▸ **Dataset entries**:
---------------

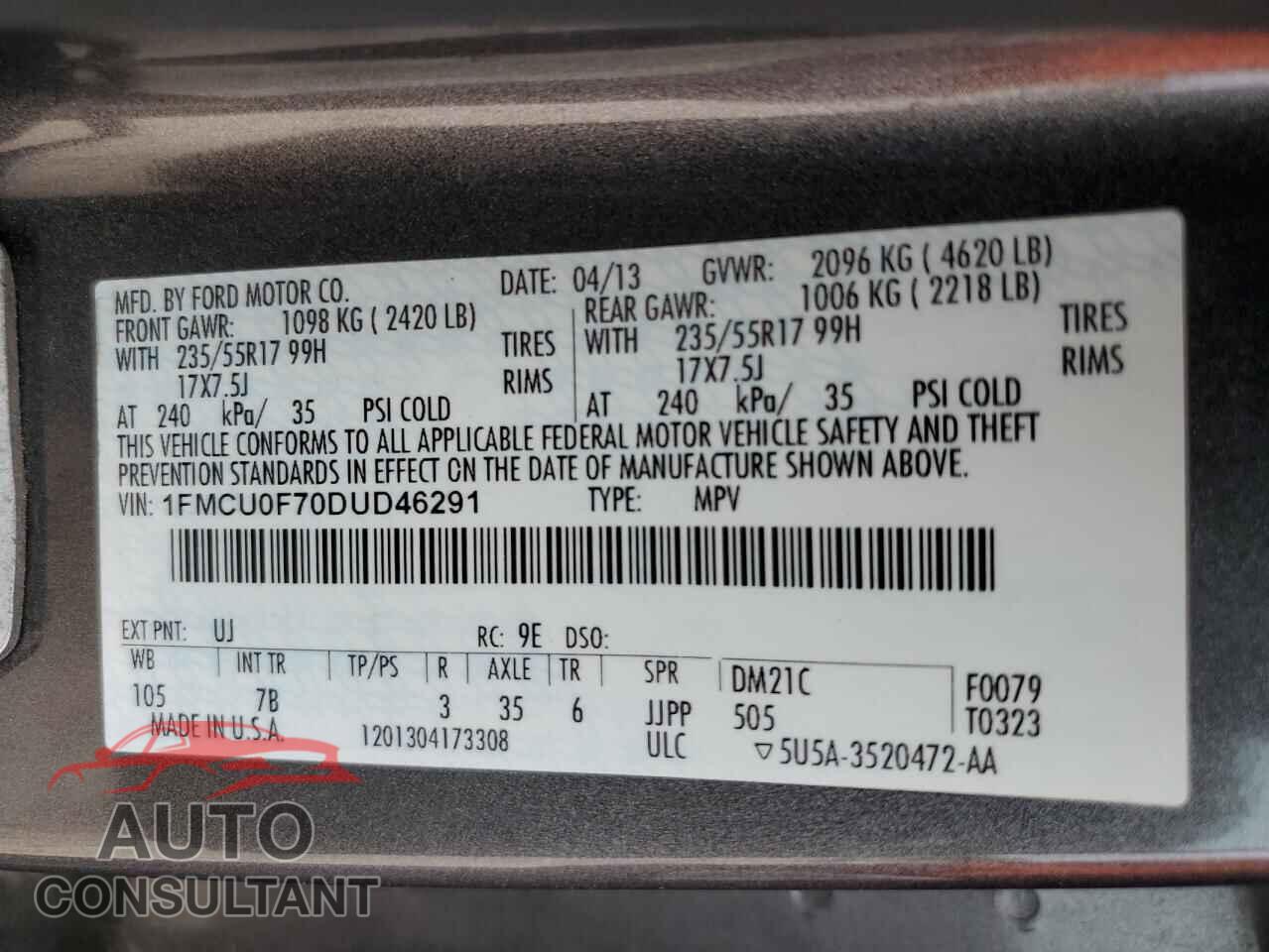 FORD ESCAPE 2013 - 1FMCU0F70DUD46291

---------------

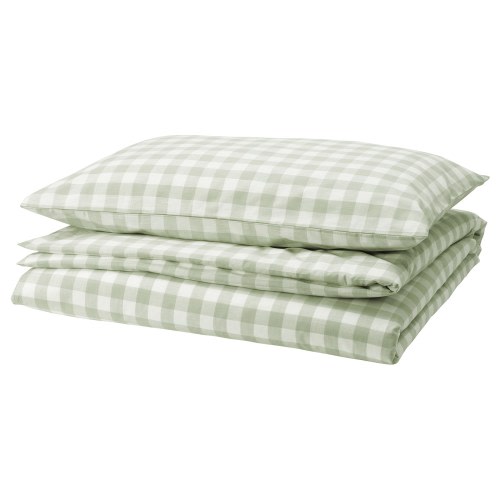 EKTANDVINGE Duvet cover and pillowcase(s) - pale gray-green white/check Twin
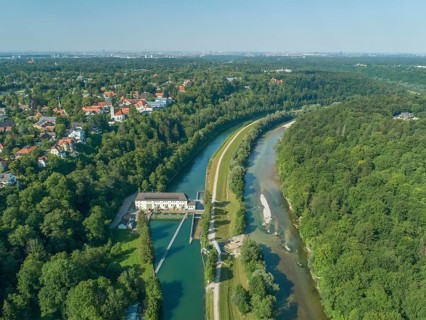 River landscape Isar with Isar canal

---------------

▸ **Instructions for the task**:
Within the material above, only the stretch from the line holding "EKTANDVINGE Duvet cover" through the line holding "River landscape Isar with Isar canal" is to be restated exactly. Pictures are dropped.

▸ **Solution to this problem**:
 EKTANDVINGE Duvet cover and pillowcase(s) - pale gray-green white/check Twin
 River landscape Isar with Isar canal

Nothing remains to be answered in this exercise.